■ INFORMATION SHOWN ■
■ ■ ■ ■ ■
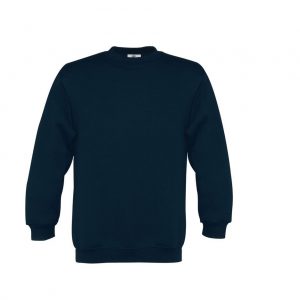 Sweat enfant bleu personnalisé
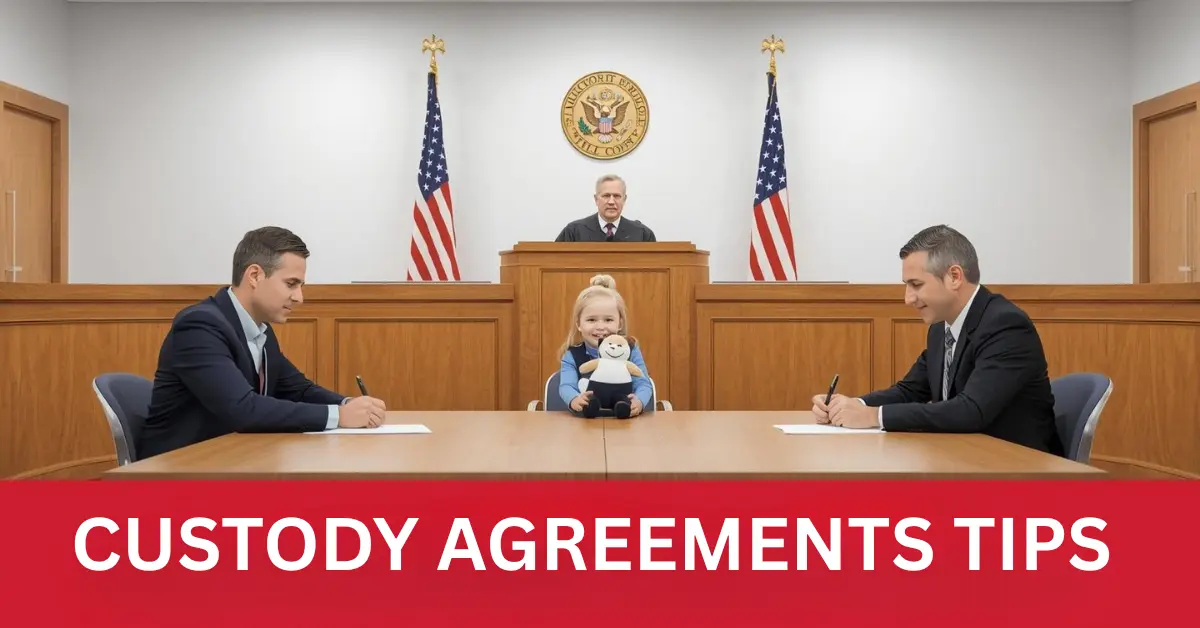 Best Tips for Navigating 50/50 Custody Agreements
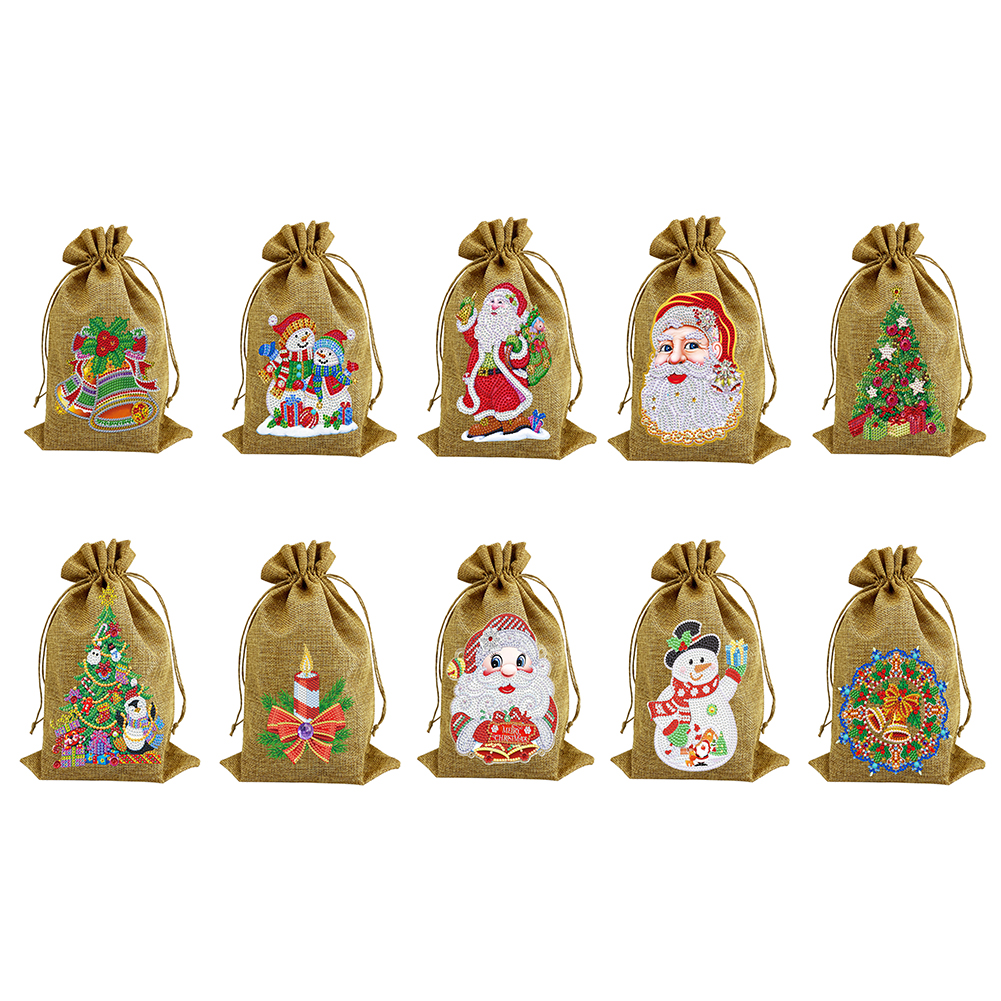 

Christmas Candy Bag - 5D DIY Craft Fashion Accessories, 07, 501 Original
■ ■ ■ ■ ■
■ WHAT THE TASK REQUIRES ■
Each line from the one with "Best Tips for" to the final line of the data above is to be printed exactly; no picture should appear in the copy.

■ TASK RESULT ■
 Best Tips for Navigating 50/50 Custody Agreements

Christmas Candy Bag - 5D DIY Craft Fashion Accessories, 07, 501 Original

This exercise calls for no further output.